California’s governor has quashed a bill to require truckies on board self-driving trucks.
The vetoed legislation would have banned self-driving trucks weighing more than 4.5 tonnes from operating on public roads unless a human driver is on board.
Lorena Gonzalez Fletcher, head of the California Labour Federation, said driverless trucks are dangerous and called the decision by Governor Gavin Newsom to veto the bill shocking. She estimates that removing drivers would cost a quarter million jobs in the state.
“We will not sit by as bureaucrats side with tech companies, trading our safety and jobs for increased corporate profits. We will continue to fight to make sure that robots do not replace human drivers and that technology is not used to destroy good jobs,” Fletcher said in a statement last week.
A veto by the governor can still be overturned if the legislature chooses to vote in favour of the bill with a two-thirds majority in each house. This, however, is rare and has not happened in California since 1979.
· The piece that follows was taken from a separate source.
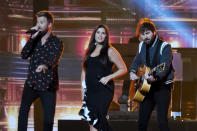 <p>Charles Kelley, Hillary Scott, and Dave Haywood of Lady Antebellum perform onstage at the 51st annual CMA Awards at the Bridgestone Arena on November 8, 2017 in Nashville, Tennessee. (Photo by Rick Diamond/Getty Images) </p>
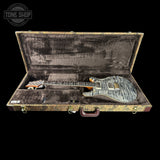 An electric guitar with a blue-gray flamed maple top and orange maple neck, displayed inside an open vintage-style hard case with a dark gray velvet interior. A Tone Shop watermark is visible in the top left corner.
Newsom said he vetoed the bill because the law is “unnecessary,” due to California already has two agencies, the Department of Motor Vehicles and the state Highway Patrol, overseeing and creating regulations for the new technology. State agencies are in the midst of creating specific rules for heavy-duty autonomous vehicles, including trucks.
Newsom’s veto won’t change much in the short term, add other reports, because while state rules are still in development, driverless trucks are not permitted to test on public roads in California. Newsom wrote in his letter that draft regulations “are expected to be released for public comment in the coming months.”